Cool 2×2 on organizational culture

While tutoring some very smart undergraduates, I bumped into  very nice 2×2 model that I haven’t seen for years.  Deal & Kennedy’s model is used primarily to explain corporate culture.  It also correlates nicely with two factor personality theory – so it’s pretty useful for helping people understand their preferences for various workplaces.  It’s easy to use and remember and what’s more reading political commentary, I had an insight about competency frameworks that is quite useful.

Get drawing!

Grab a pen.  WordPress is not up for 2×2 tables.  Across the page put feedback (slow on the left and fast on the right), and down the page put risk(high at the top and low at the bottom).

Live or die in the next 20 minutes!

Top left is the fast-feedback high risk quadrant.  This is the world of surgeons, American police, City traders.  Everything happens quickly, and losses and gains can be dramatic.  This is the world of extraverted, neurotics – loud, quick, aggressive and dramatic.  Game of choice: squash! A one-one-one tussle with points scored in a fast and furious contest.

Fast but not furious

Bottom left is slow-feedback low risk quadrant.  This is the world of the factory, the retail bank and even the supermarket cashier.  Good or bad, feedback is quick but no one event is of great consequence.  This is still the world of the extravert.  Sociable people are at a premium provided they are amiable and easily content.  Indeed, they wouldn’t know what to do with aggression.  Game of choice: soccer.  Great teamwork that goes on for an hour-and-a-half with only one or two goals.

Leave it with me

Bottom right is slow-feedback low risk quadrant.  This is the world of very low skilled or very high skilled.  The work is deceptively simple.  Take an accountant.   A piece of paper is processed and there is no sense of the world changing.   A better example is a lawyer who writes your will.  You rely entirely on it being correct when it is inspected many, many years later by other lawyers.   The essence of this work is this long delay and ability to do fine work with no feedback.  This is the world of stable, unemotional introverts.  Game of choice : jogging.  One foot after another!

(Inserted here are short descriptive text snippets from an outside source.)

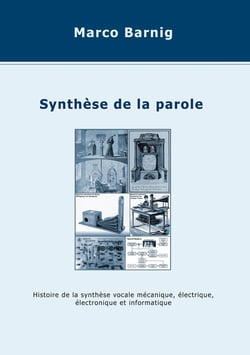 Synthèse de la parole - histoire de la synthèse vocale mécanique, électrique, électronique et informatique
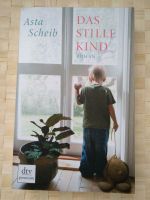 Asta Scheib: Das stille Kind (Roman über Autismus) München - Schwabing-West Vorschau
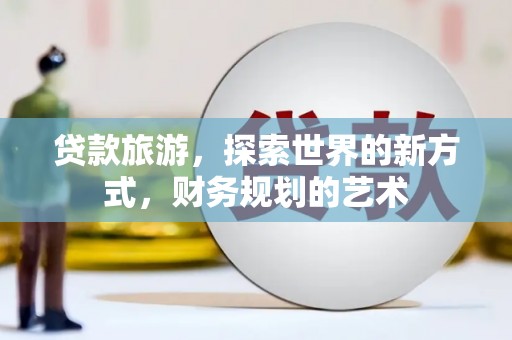 新安贷款旅游，探索世界的新方式，财务规划的艺术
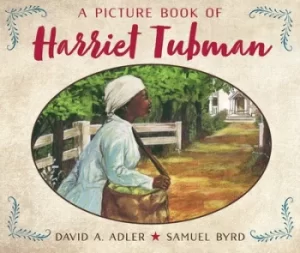 Image of A Picture Book of Harriet Tubman by David A. Adler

He’s my brother, he ain’t heavy

Top right is slow-feedback high risk quadrant.  This is the world of civil engineers putting up buildings  which will only show that nasty shortcut many years later.  It is also the world of educators – all those hours put in to person who may or may not make good.  This is the world of neurotic introverts.  A mark of people in this quadrant is other people take them to be a fool and abuse their good will.  They are also prone to feeling disappointed with the world.  Game of choice: golf.  You can lose it all on the last hole.

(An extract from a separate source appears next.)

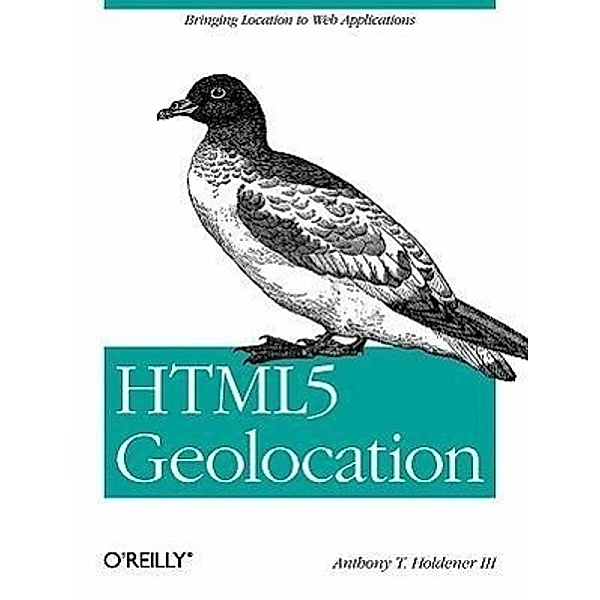 Html5 Geolocation, Anthony T. , III Holdener, Anthony T. Holdener III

So what is my observation for leadership competencies?

Generally, the most obvious leader is someone who is extraverted and unanxious.  Leaders like quick feedback and are neither too prone to hi risk (likely to be quick tempered) or too prone to lo risk (too amiable and unable to hold the line).

Listening to the commentary on political candidates, I suspect that this rule-of-thumb holds in the lower levels of leadership (Lieutenant to Colonel).  At higher levels, the willingness to reserve judgement and wait to see how events unfold might also be important.

Any thoughts?  What is your preferred culture?

UPDATE:  Anyone from any quadrant can lead and be a good politician. Generally though, we will be happy in our basic trade depending on its match with our personality.    We will also learn to use all quadrants with practice, though under pressure, we are likely to revert to our preferred choice.

Knowing your preferences helps you understand why you dislike some tasks and how you can recraft them to make them more comfortable. It also helps you understand other people’s styles.